Venezuela holds a controversial referendum over oil-rich territory

Essequibo is governed by Guyana, but there’s been a longstanding dispute over the land, with Venezuela staking a claim to it.

Venezuela holds a controversial referendum over oil-rich territory
Venezuela's President Nicolas Maduro addresses the media after voting in an electoral referendum over Venezuela's rights to the potentially oil-rich region of Esequiba, which has long been the subject of a border dispute between Venezuela and Guyana, in Caracas, Venezuela, December 3, 2023. REUTERS/Leonardo Fernandez Viloria

The backstory: Essequibo is an area along the Venezuela/Guyana border. It’s pretty big – almost 160,000 square kilometers (62,000 square miles), and about 125,000 people live there. Essequibo is governed by Guyana, but there’s been a longstanding dispute over the land, with Venezuela staking a claim to it. 

Venezuela says that Essequibo was inside its borders when it declared independence from Spain in 1811. But, in 1899, the area was awarded by an international tribunal to the British, who were still ruling Guyana as a colony. Right before Guyana became independent in 1966, Venezuela and Britain signed an agreement to keep Essequibo in Guyana until a more permanent decision could be agreed on. The region now makes up more than half of Guyana’s territory. In 2015, oil was found in the area, which complicated this dispute more.

More recently: Earlier this year, more oil reserves were found in Essequibo, and Guyana announced it would be accepting bids to drill there. Soon after, Venezuelan President Nicolás Maduro called for a national referendum on whether or not to formally claim Essequibo as Venezuelan territory. 

Critics have speculated that Maduro wants to shift the political focus from the upcoming 2024 election as Venezuelans call for freer and fairer democratic processes by stirring the patriotic pot, so to speak. But, last Friday, the International Court of Justice (ICJ) called on Venezuela not to do anything that would mess with the current status quo of Essequibo. Maduro’s government says that the ICJ doesn’t have jurisdiction over this situation.
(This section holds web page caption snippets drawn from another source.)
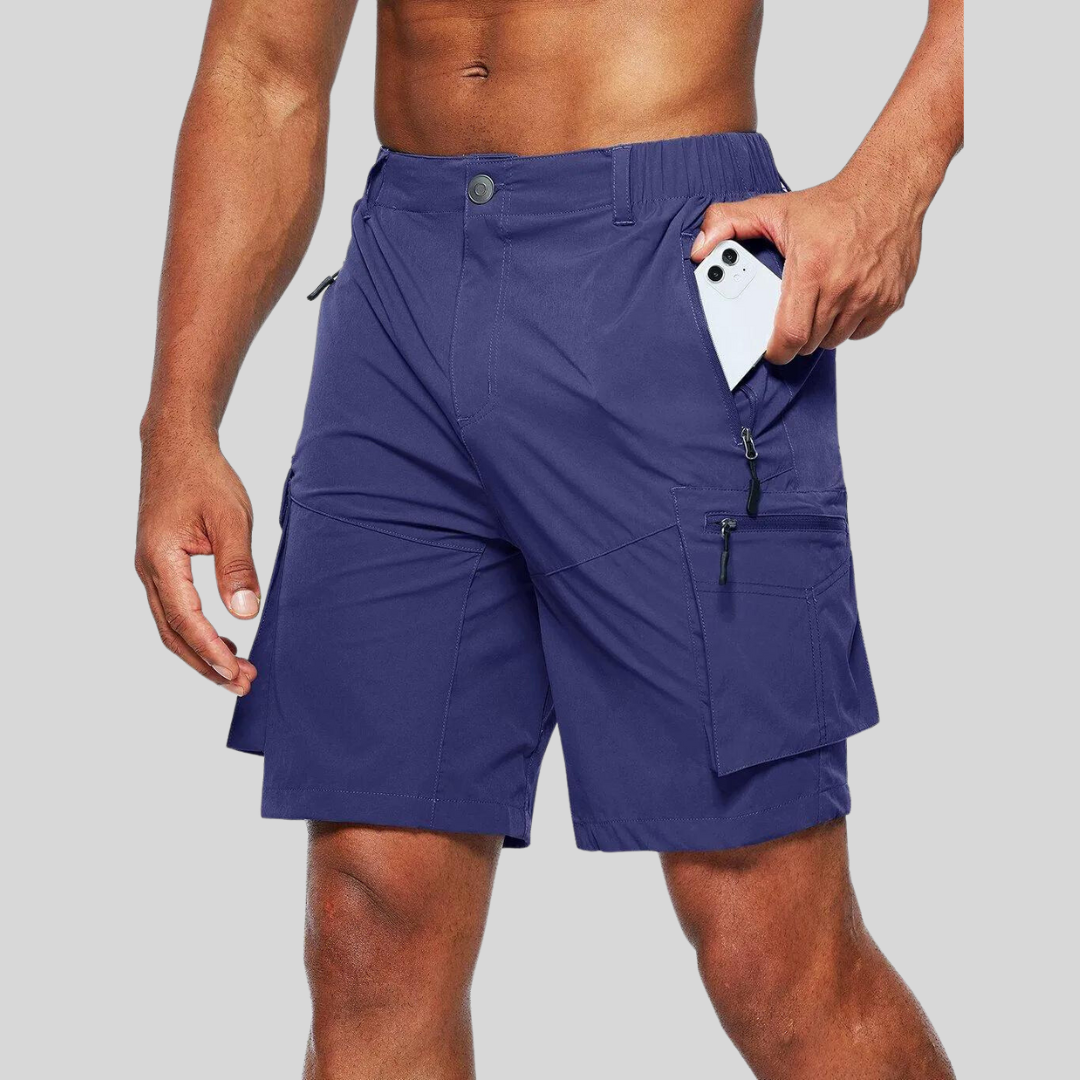 Men's Outdoor Cargo Shorts with Zip Pockets and Elastic Waistband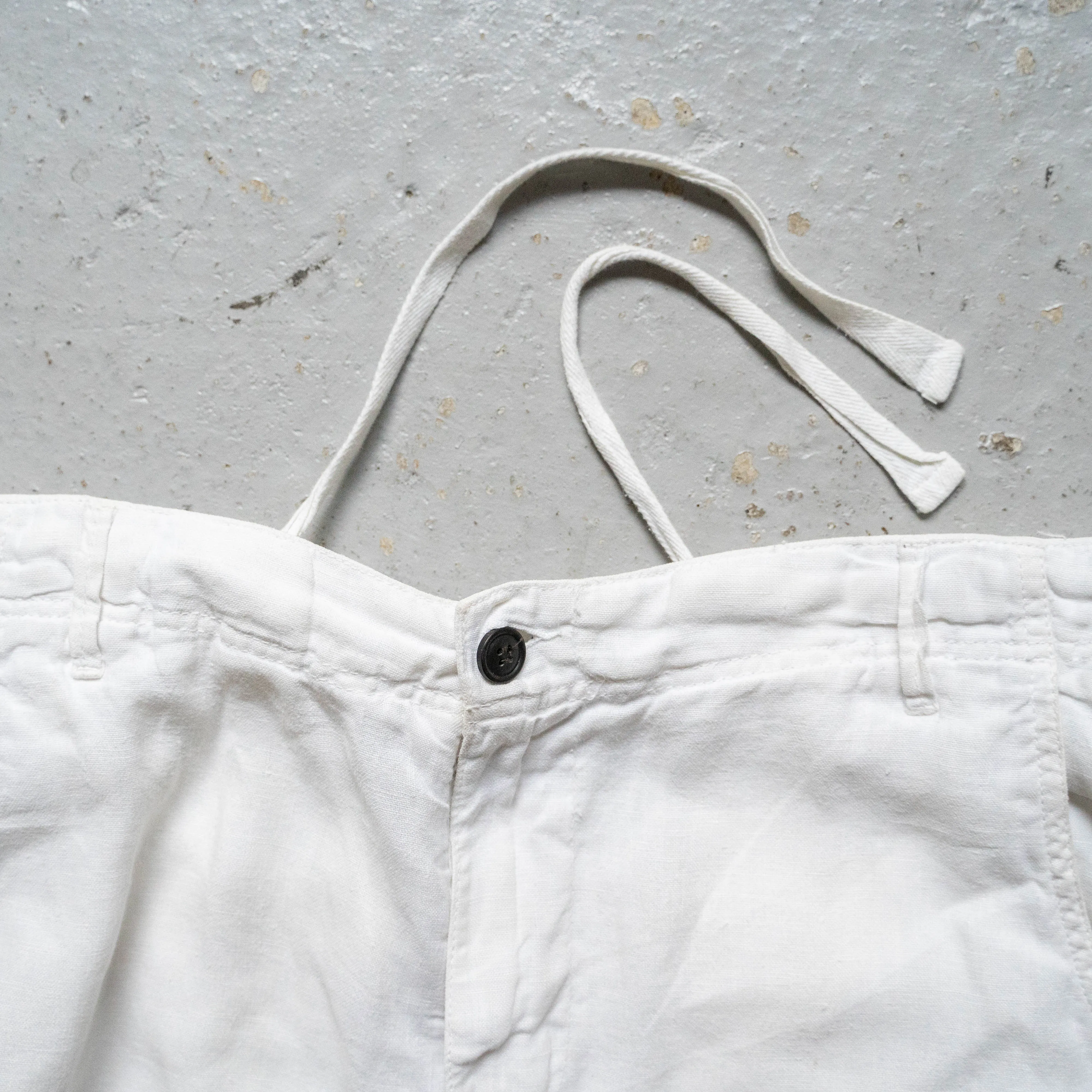 around 1990s white color all linen easy pants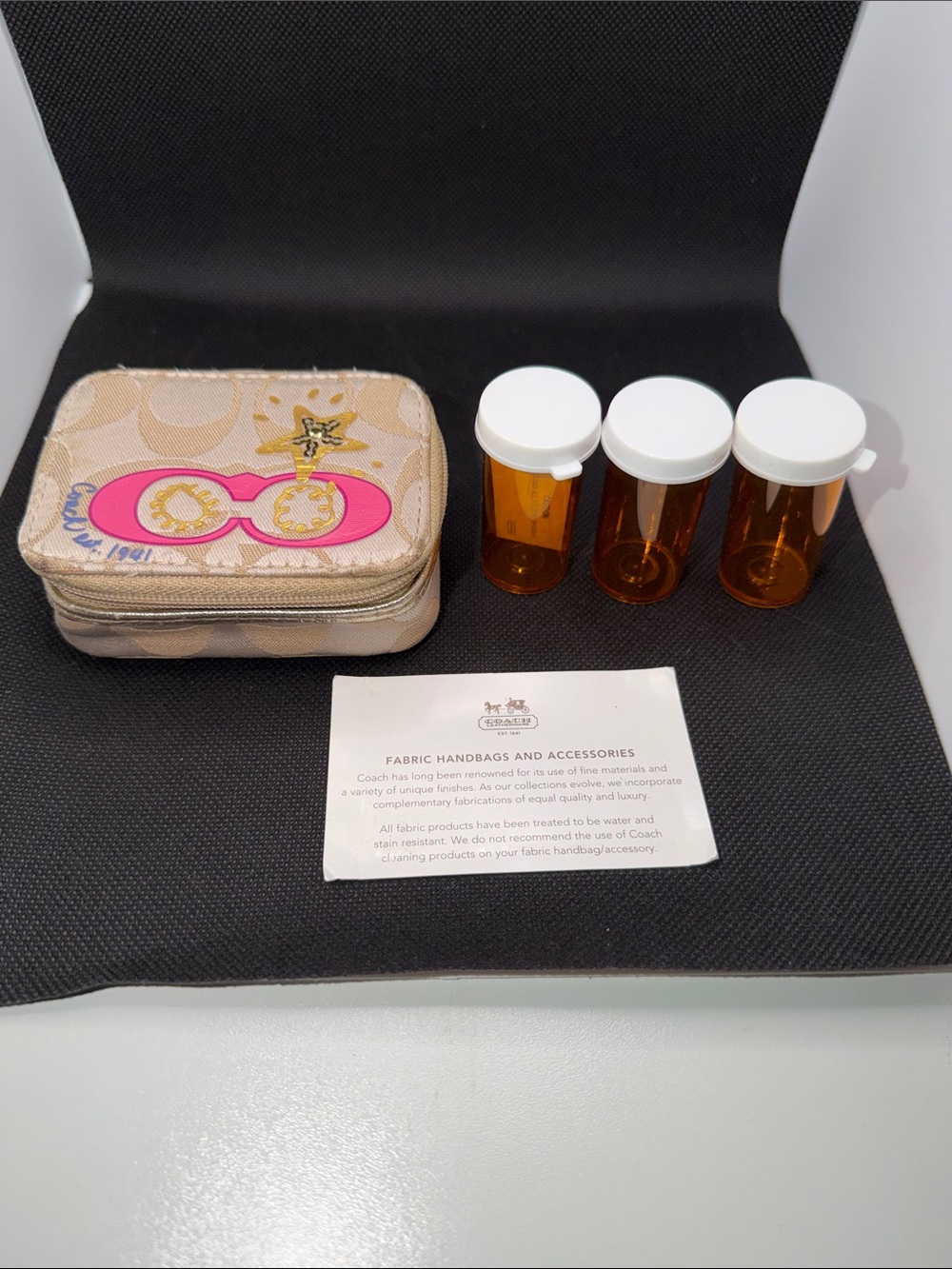 Coach poppy pill case with bottles NEW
The development: Venezuelans voted on the referendum on Sunday, and it’s expected to go through. It included five questions, essentially asking voters if they agree that Essequibo belongs to Venezuela, that the ICJ doesn’t have jurisdiction, if they oppose Guyana’s “unilateral” use of the waters off Essequibo and if Venezuela should create a “Guyana Essequibo state” that would put it into Venezuela’s territory. 

The way that these questions are worded has brought a lot of criticism, especially from Guyana. While the referendum is nonbinding, Guyana sees it as a step toward annexing Essequibo. It’s unclear exactly what will happen if it goes through. But Guyana has sent more police to the Venezuelan border. Brazil, which shares a border with Essequibo, has also sent troops to the region. Venezuela hasn’t deployed any more forces to the border, though.

Key comments:

“Essequibo is ours, every square inch of it,” President Irfaan Ali of Guyana said.

“Venezuela shall refrain from taking any action which would modify the situation that currently prevails in the territory in dispute,” the International Court of Justice (ICJ) ruled.

“Maduro needs to wrap himself in the flag for electoral reasons, and obviously a territorial dispute with a neighbor is the perfect excuse,” explains Phil Gunson, a Venezuela-based analyst with the International Crisis Group.

“The longstanding row over the border between Guyana and Venezuela has risen to a level of unprecedented tension in the relations between our countries,” Guyanese Foreign Minister Robert Persaud wrote Wednesday.